Chapter Ten: In Which Doodles Are Drawn
"Had a good summer so far?"
"Not asking the easy questions today, are we?" said Harry darkly. "To be honest, its been absolutely boring."
For the first time, something like a grin flitted across Sirius' face.
"Don't know what you are complaining about, myself."
"What?" said Harry incredulously.
"Personally I'd have welcomed a dementor attack. A deadly struggle for my soul would have broken the monotony quite nicely."
"Monotony? Haven't you been — I don't know — doing anti-Voldemort stuff?"
"Hardly," said Sirius bitterly. "Ministry's still looking for me and they know about my Animagus form now. . . ."
"What were you doing then anyway?"
"Cleaning and being grumpy.

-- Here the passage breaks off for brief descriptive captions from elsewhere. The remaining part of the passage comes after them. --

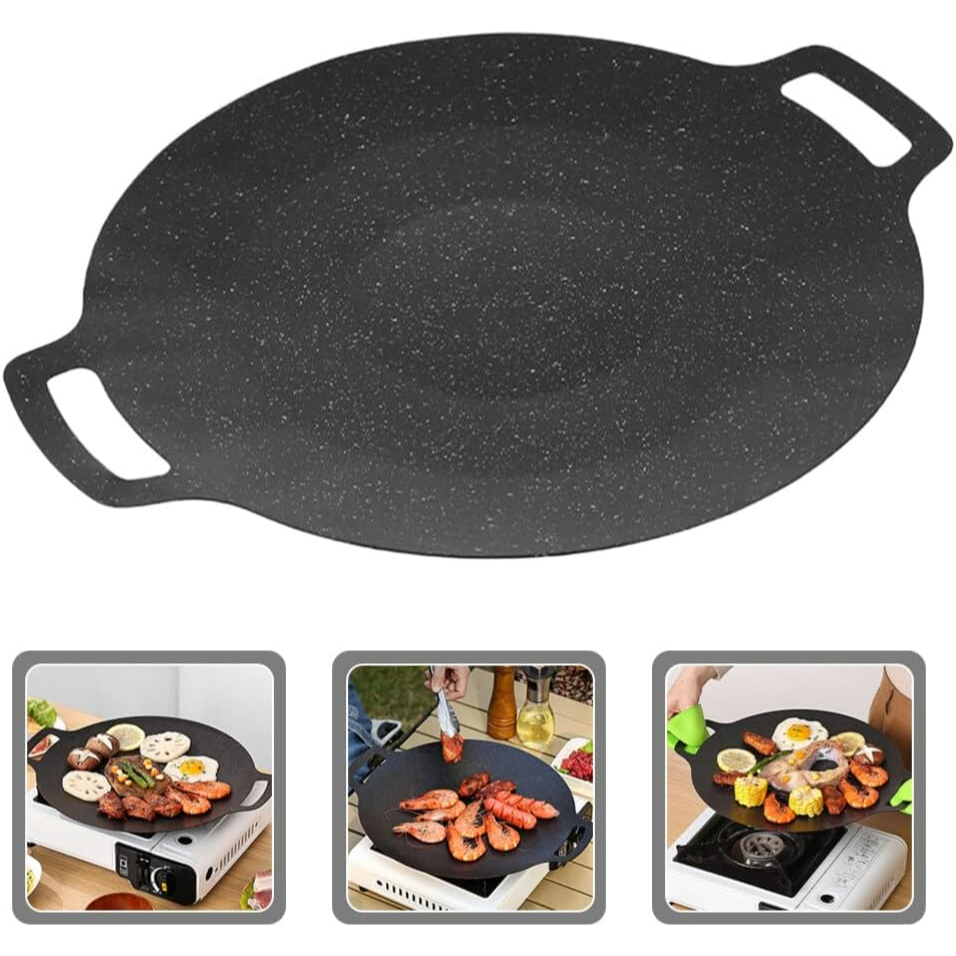 Korean BBQ Non Stick Grill Pan, Nonstick Induction Stove Top Grill Plate, Kitchen Korean BBQ Grill Non Stick Grilling Pan Thermal Insulation For Both Home And Outdoor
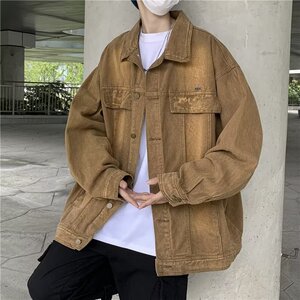美式水洗牛仔夹克高街潮流宽松上衣潮牌百搭外套XZ304B-JK1204P65图片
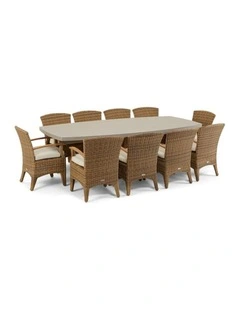 Waverley 2.6m Concrete Look Dining Set Brushed Wheat With 10 Kai Wicker Chairs & Cream Cushions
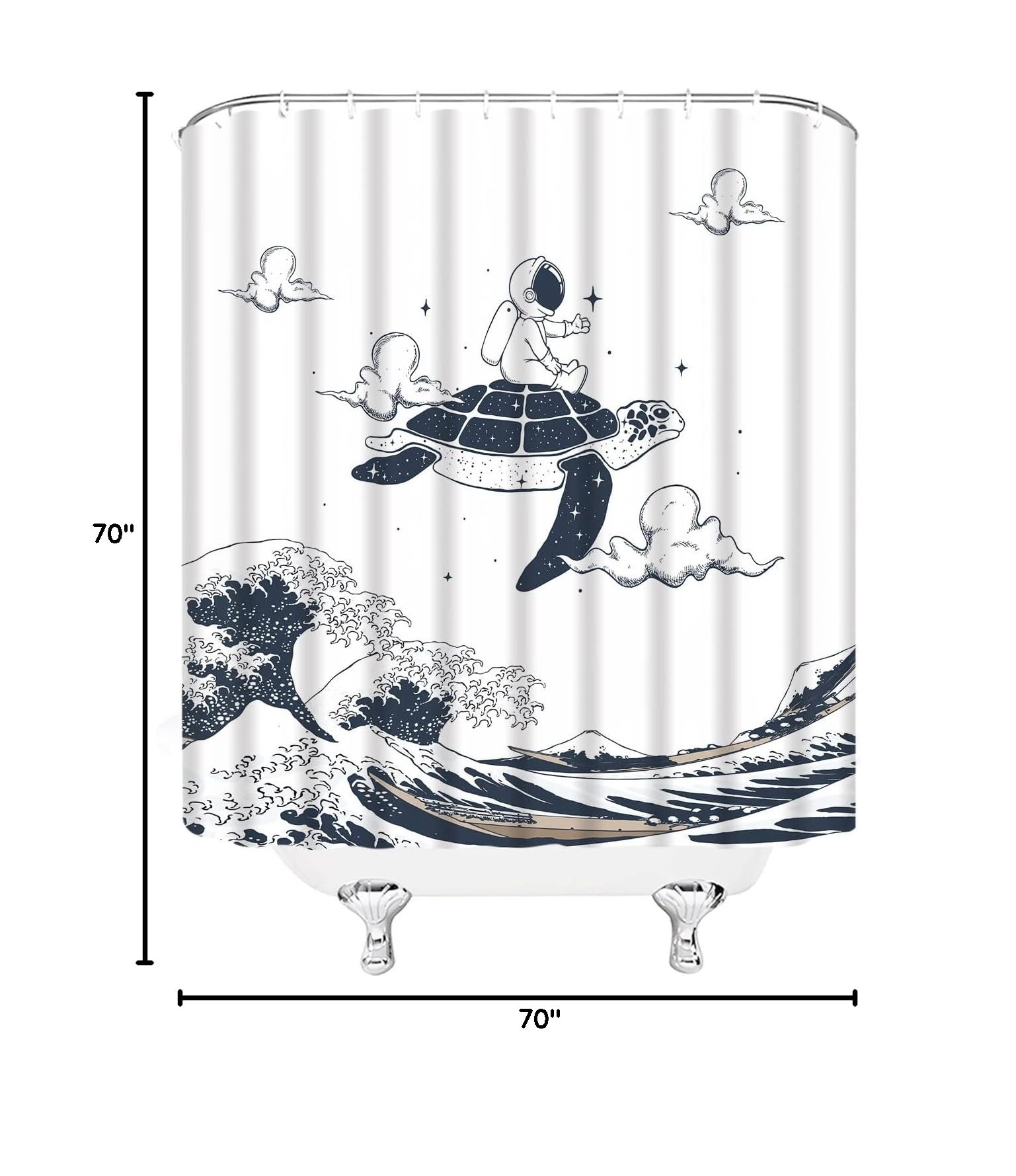 Funny Astronaut Turtle Japanese Ocean Wave Shower Curtain - Waterproof Polyester Fabric Bathroom Decor with Hooks 70x70 Inch - Perfect for Kids' Bathroom, Beach Theme Decor & Unique Gift Idea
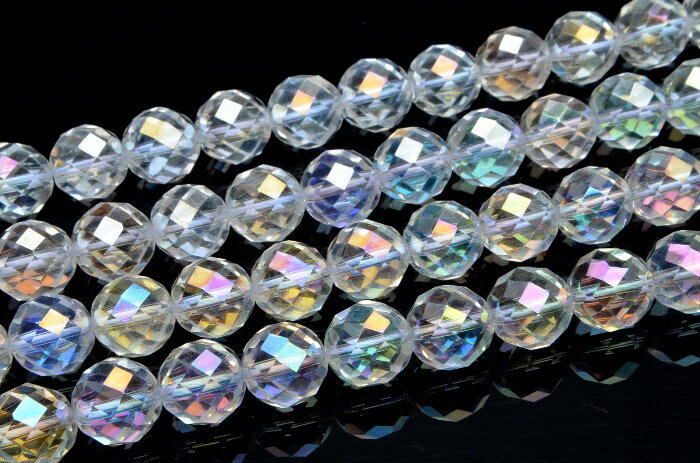 【10％OFF 】【連売り】オーラ水晶64面カット 10mm 1連（約38cm）天然石 パワーストーン ビーズ パーツ _R307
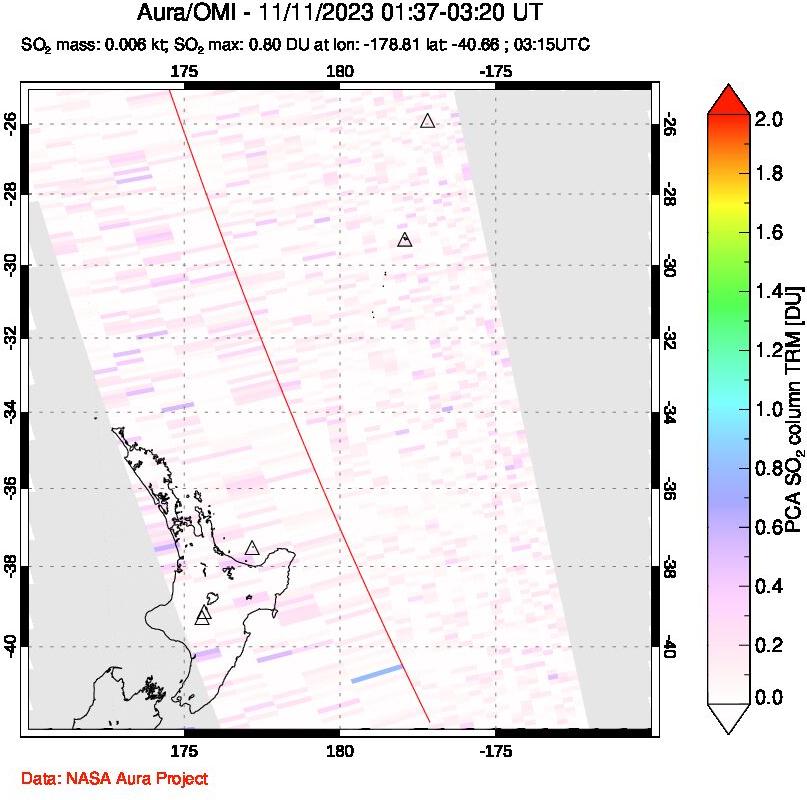 A sulfur dioxide image over New Zealand on Nov 11, 2023.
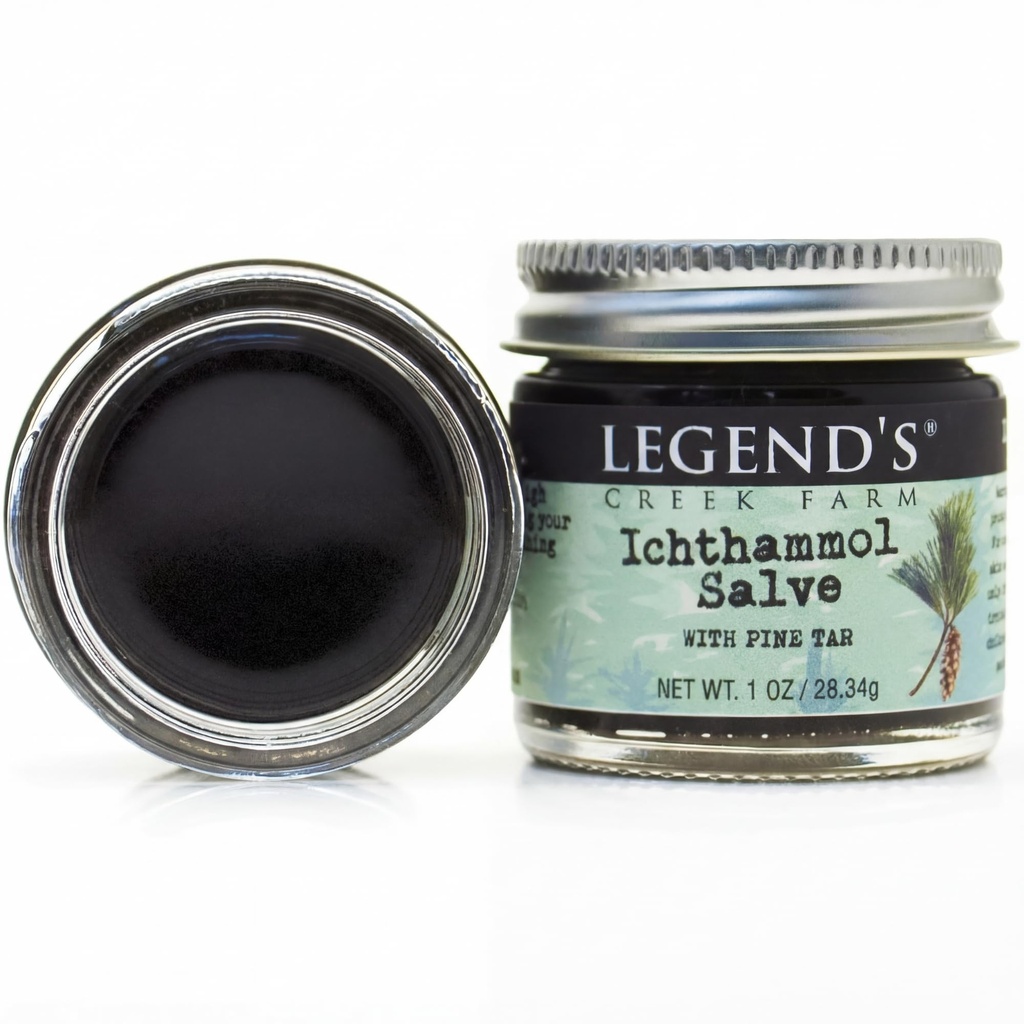 Legend 's Creek Farm Herbal Salve - Healing Oquest with 20% Ichthammol Drawing Salve - Natural Balm for Stings, & Splinters - 1 oz - Handmade in USA (Ichthammol Pine Tar)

Its one of the few things I have left."
"The US is nice this time of year, isn't it?" said Harry oddly.
"What?"
"I mean, its only Magical Britain where you're a felon. Everywhere else is fair game. Why don't you go to the States and — I dunno, take a vacation? Quite a lot of people for you to get lost in. . . . It isn't like you are doing anything here, are you?"
"Not per se . . ."
It was tired. It had been a long journey. . . . The destination was close now . . . So close . . .
Harry Potter was hit by a brown stuffed toy. It had been quite a few days after Sirius had departed for the United States.
"Wha — oh, its an owl."
He offered the poor bird some water and treats and read the letter. Written on paper using what was clearly a Muggle pen, it stood out a mile in the old and dilapidated house.
To James Parry Otter,
I may or may not be drunk while writing this. So anyway I'm fun having lots! That doesn't sound right, it does?
It went on and on for three pages, and seemed to get more and more incoherent. At one point, Sirius started to make doodles, some of which were quite inappropriate.
He laughed out loud. "That's a part of the male anatomy I never thought would see in a letter. There is a first time for everything, I guess!"
AN: The frustration and grim situation in OotP sets the tone for the series. But Sirius dies because he had been cooped for too long and finally cracked when he had some 'action' during the duel with Bellatrix.
Sirius should have gotten out more. Of course, I could have just made Harry suggest Muggle Britain, but where would be the fun in that? The US because, well, the US.